ACTION ITEM ▸
The data below should be printed in full, exactly, and without any of its images.
________________________________________
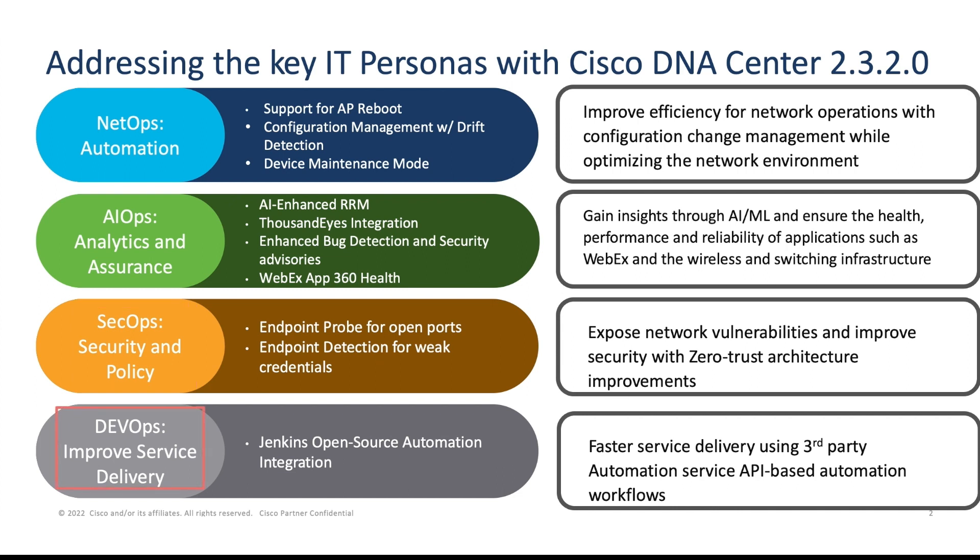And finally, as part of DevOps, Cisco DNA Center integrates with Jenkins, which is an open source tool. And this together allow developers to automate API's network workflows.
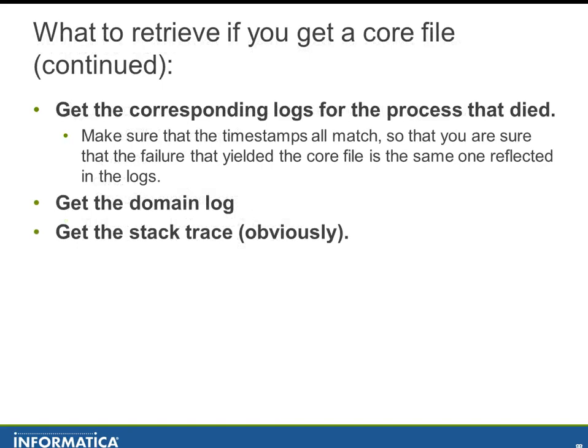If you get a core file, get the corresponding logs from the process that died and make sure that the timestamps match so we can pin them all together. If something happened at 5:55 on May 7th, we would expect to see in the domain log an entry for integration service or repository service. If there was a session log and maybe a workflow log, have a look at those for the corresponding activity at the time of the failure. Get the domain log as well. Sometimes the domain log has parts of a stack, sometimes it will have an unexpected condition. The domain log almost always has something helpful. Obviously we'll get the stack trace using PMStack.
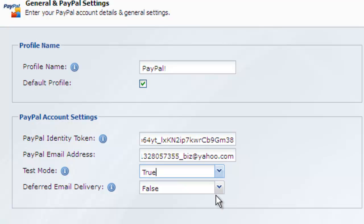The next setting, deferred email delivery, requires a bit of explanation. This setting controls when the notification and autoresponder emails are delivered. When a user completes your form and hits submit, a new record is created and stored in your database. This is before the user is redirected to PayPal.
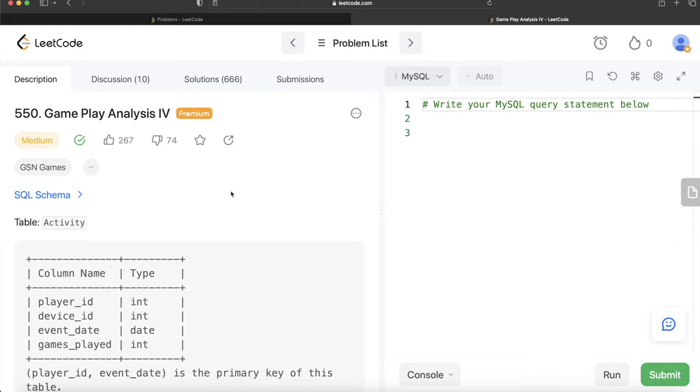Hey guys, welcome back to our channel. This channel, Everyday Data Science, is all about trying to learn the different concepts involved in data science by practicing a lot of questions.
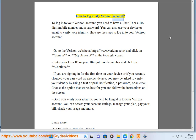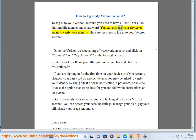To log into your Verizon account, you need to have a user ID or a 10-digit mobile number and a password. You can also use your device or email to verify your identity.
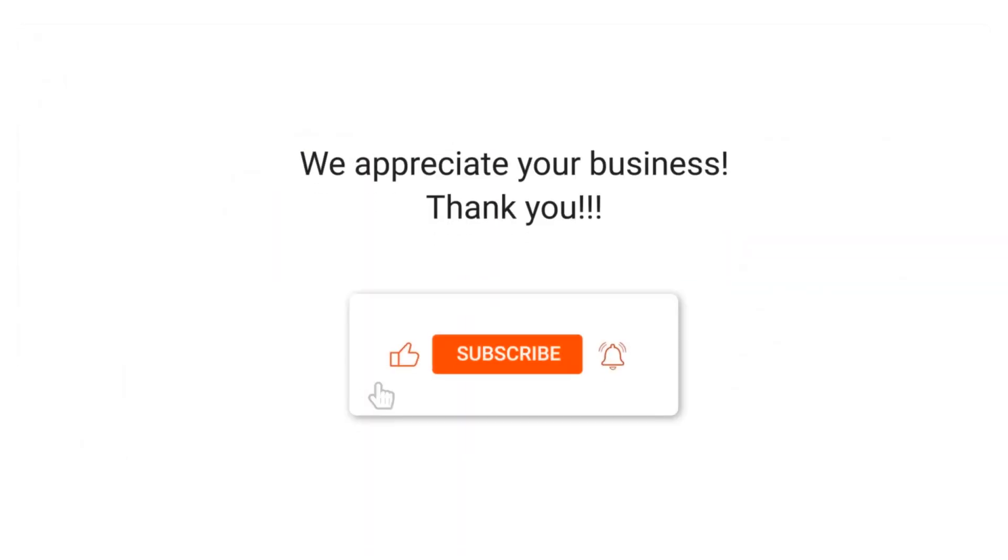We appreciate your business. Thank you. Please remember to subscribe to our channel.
________________________________________
RESULT OF THIS TASK ▸
And finally, as part of DevOps, Cisco DNA Center integrates with Jenkins, which is an open source tool. And this together allow developers to automate API's network workflows.
If you get a core file, get the corresponding logs from the process that died and make sure that the timestamps match so we can pin them all together. If something happened at 5:55 on May 7th, we would expect to see in the domain log an entry for integration service or repository service. If there was a session log and maybe a workflow log, have a look at those for the corresponding activity at the time of the failure. Get the domain log as well. Sometimes the domain log has parts of a stack, sometimes it will have an unexpected condition. The domain log almost always has something helpful. Obviously we'll get the stack trace using PMStack.
The next setting, deferred email delivery, requires a bit of explanation. This setting controls when the notification and autoresponder emails are delivered. When a user completes your form and hits submit, a new record is created and stored in your database. This is before the user is redirected to PayPal.
Hey guys, welcome back to our channel. This channel, Everyday Data Science, is all about trying to learn the different concepts involved in data science by practicing a lot of questions.
To log into your Verizon account, you need to have a user ID or a 10-digit mobile number and a password. You can also use your device or email to verify your identity.
We appreciate your business. Thank you. Please remember to subscribe to our channel.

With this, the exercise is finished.